Long-lived heavy neutral leptons from mesons in effective field theory

TL;DR

This paper investigates the production and detection of long-lived heavy neutral leptons from meson decays within an effective field theory framework, exploring the potential of future LHC detectors to probe new physics at very high scales.

Contribution

It provides the first detailed analysis of HNL production via dimension-six operators in effective field theory and assesses the sensitivity of future detectors to these processes.

Findings

Scales above hundreds of TeV can be probed.

Active-heavy neutrino mixing squared as low as 10^{-15} is detectable.
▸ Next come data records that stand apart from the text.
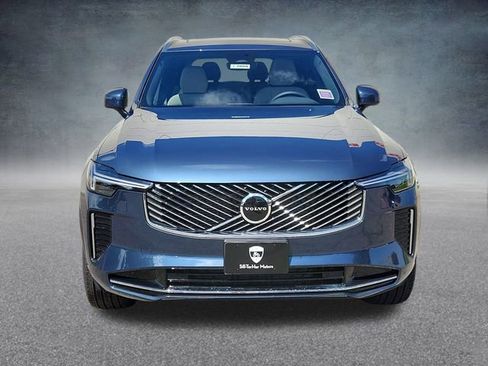 New 2026 Volvo XC90 B6 Core image 2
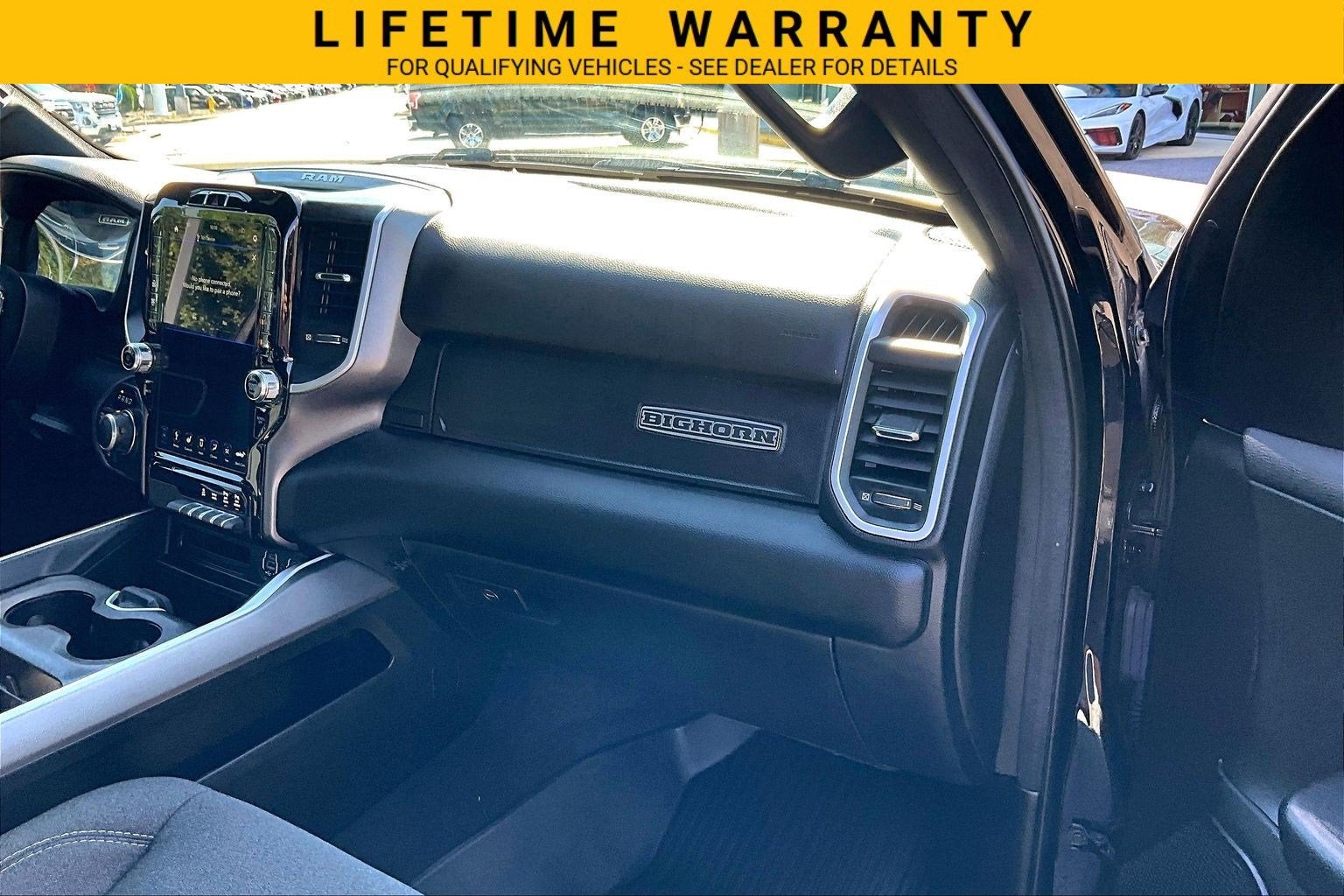 2020 RAM 1500 Big Horn Crew Cab 4x4 5'7" Box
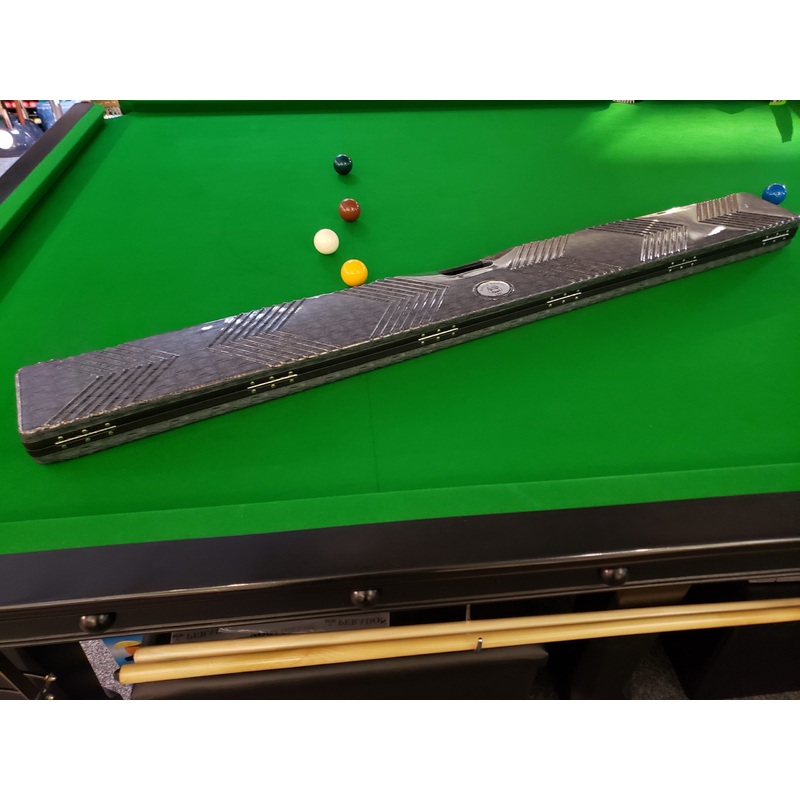 Bulldog Billiards UK Beast case for 3 x 1 piece cues, extensions and accessories Gloss Grey with Gold Flecks Finish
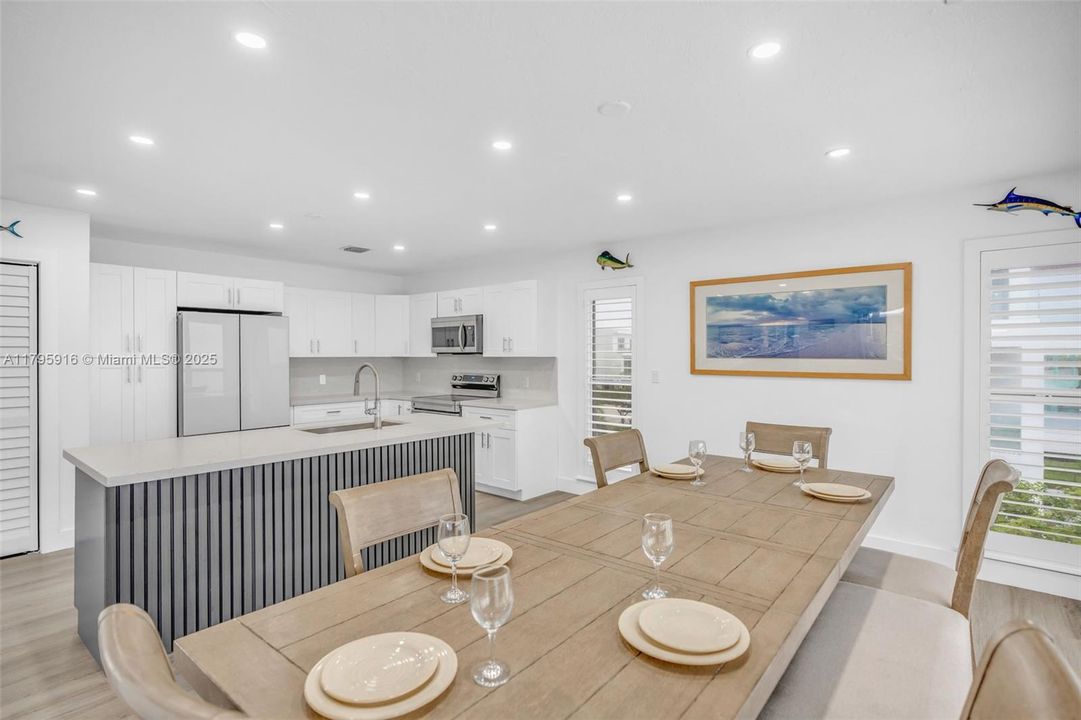 На продажу: $3,699,000 (4 спален, 4 ванн, 3222 Квадратных фут)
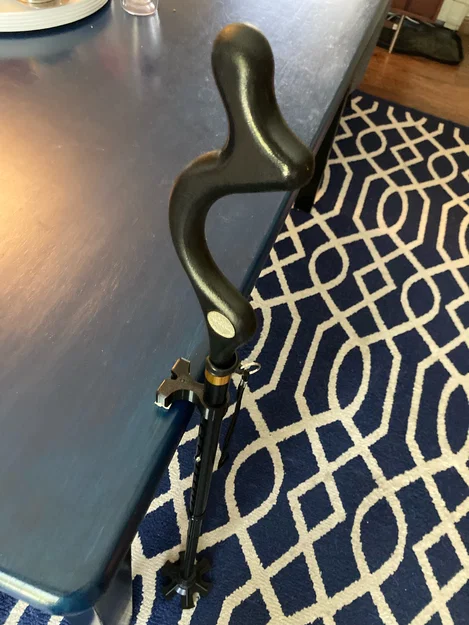 Cane Table Rest v2 – Kẹp lò xo gác gậy lên mép bàn - Image 1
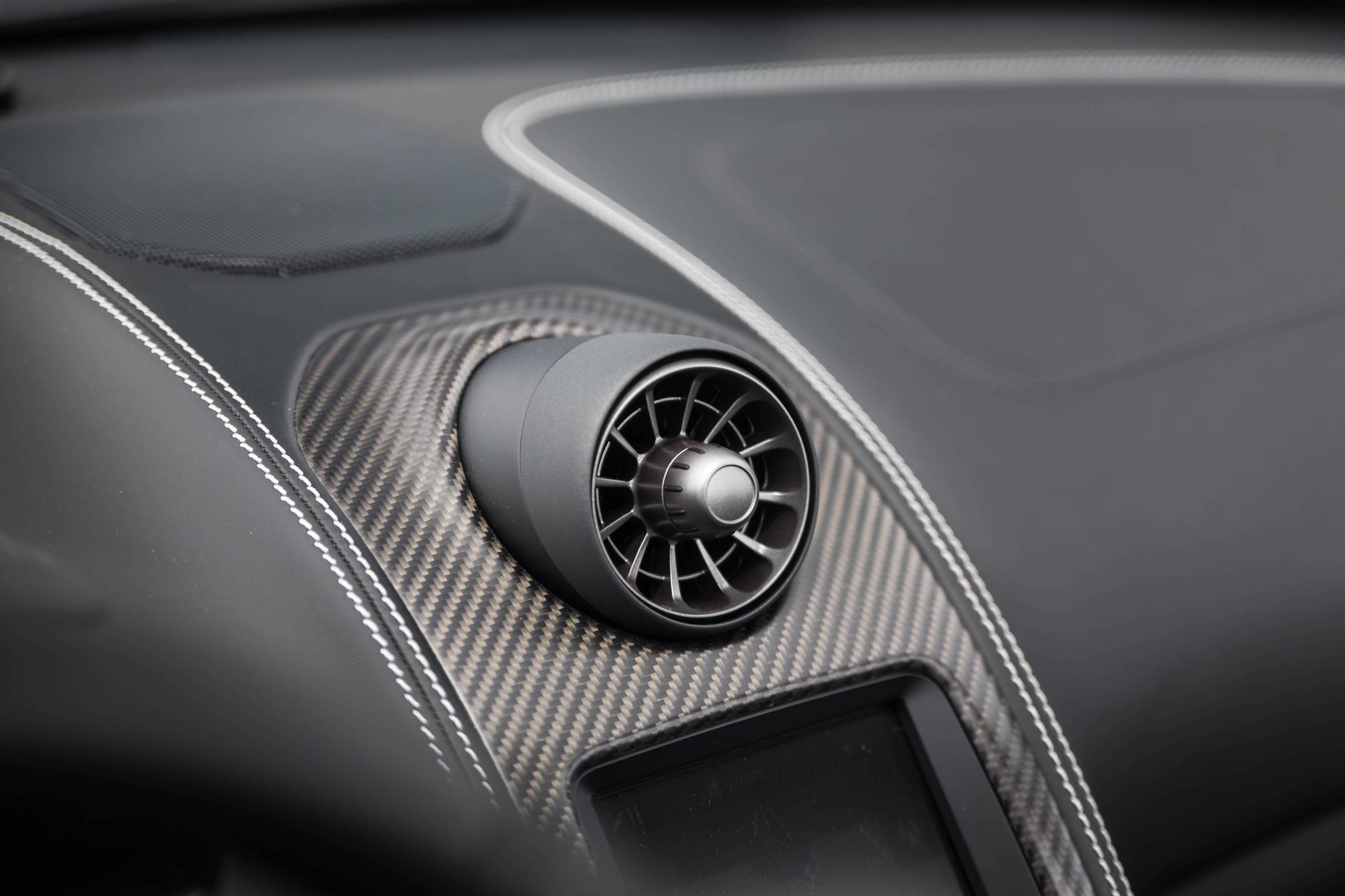 2016 McLaren 675LT Spider photo 63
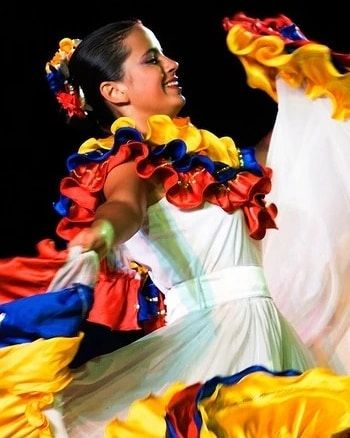 Venezuelan Clothing, Venezuela Beaches, Colombian Culture, Dance Festival, Female Dancers, World Dance, Folk Dance, Celebrity Design, Hispanic Heritage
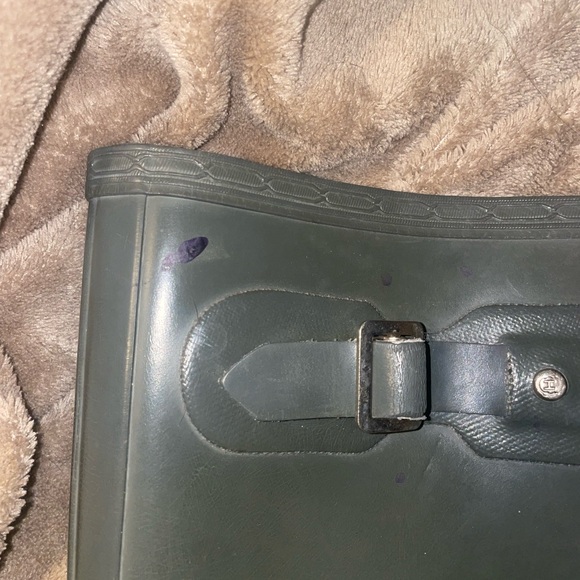 Hunter Green Women's Rain Boots - Picture 6 of 7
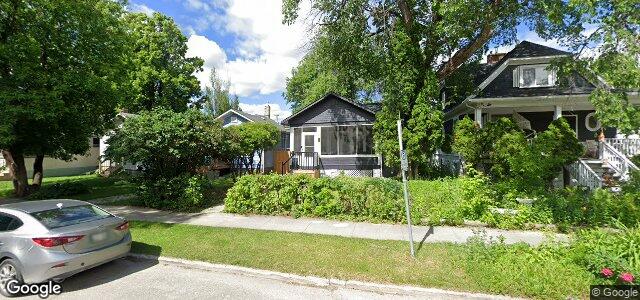 Larawan ng 656 Minto Street sa Winnipeg, Manitoba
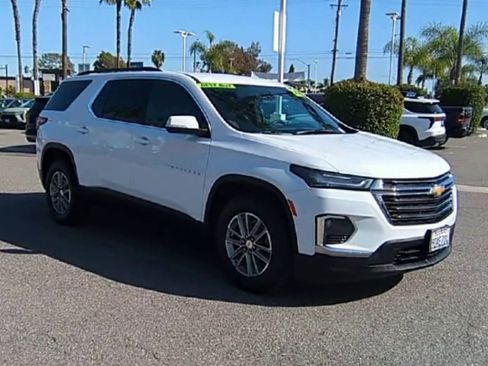 Used 2022 Chevrolet Traverse LT image 2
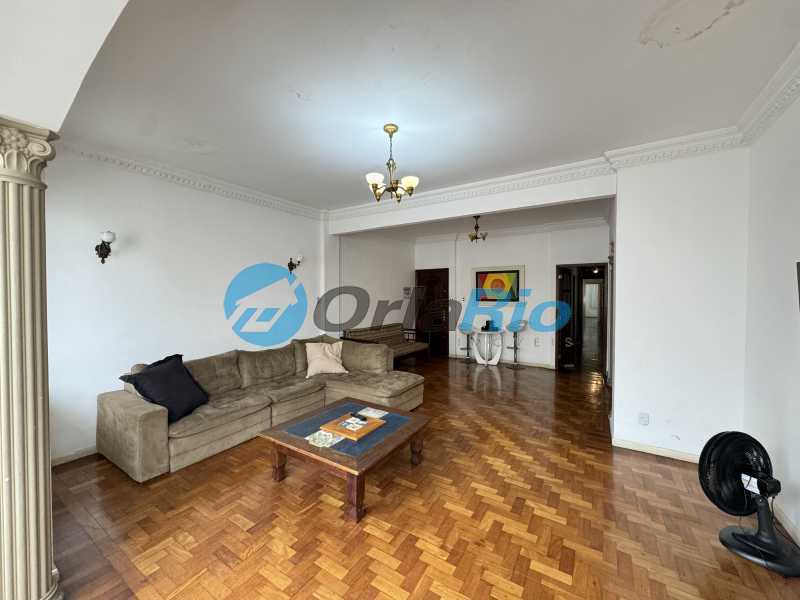 Apartamento à venda com 4 quartos, 165m² - Foto 2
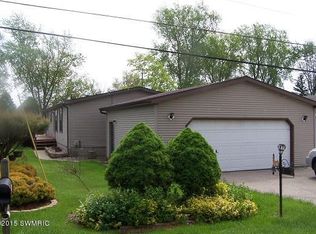 12587 Blue Lagoon Rd, Shelbyville, MI 49344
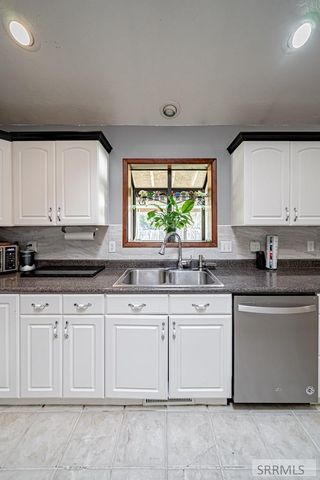 1525 9th Street, Idaho Falls, ID 83401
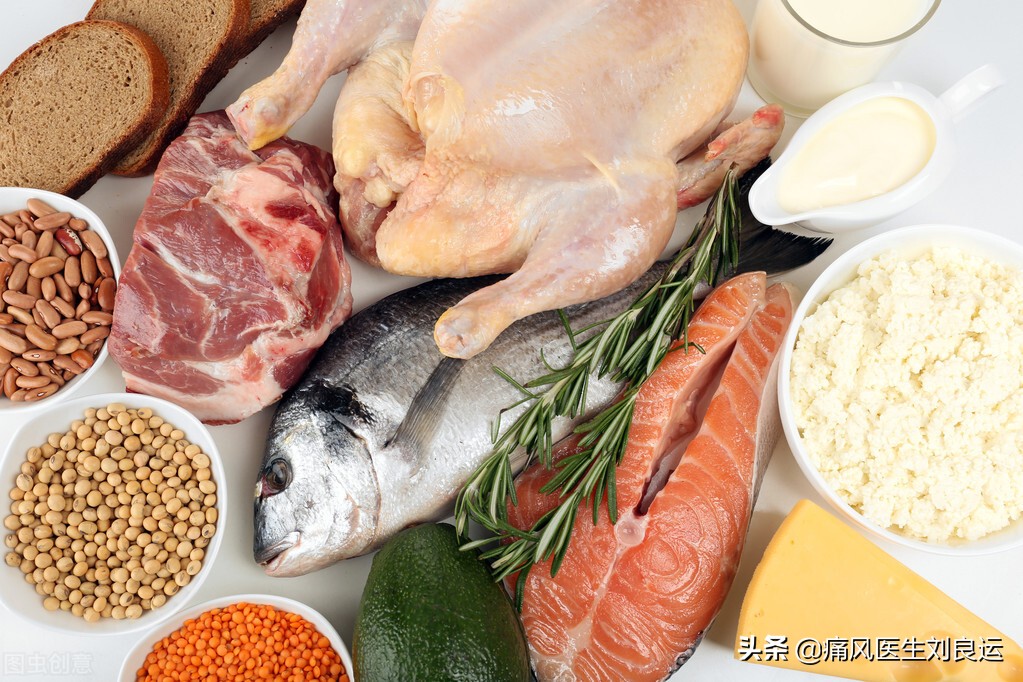 痛风会在脚趾和膝关节同时发作吗,痛风发作从脚趾头到脚踝又到膝盖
Future detectors can explore new physics beyond current limits.

Abstract

In the framework of the low-energy effective field theory of the Standard Model extended with heavy neutral leptons (HNLs), we calculate the production rates of HNLs from meson decays triggered by dimension-six operators. We consider both lepton-number-conserving and lepton-number-violating four-fermion operators involving either a pair of HNLs or a single HNL. Assuming that HNLs are long-lived, we perform simulations and investigate the reach of the proposed far detectors at the high-luminosity LHC to (i) active-heavy neutrino mixing and (ii) the Wilson coefficients associated with the effective operators, for HNL masses below the mass of the $B$-meson. We further convert the latter to the associated new-physics scales. Our results show that scales in excess of hundreds of TeV and the active-heavy mixing squared as small as $10^{-15}$ can be probed by these experiments.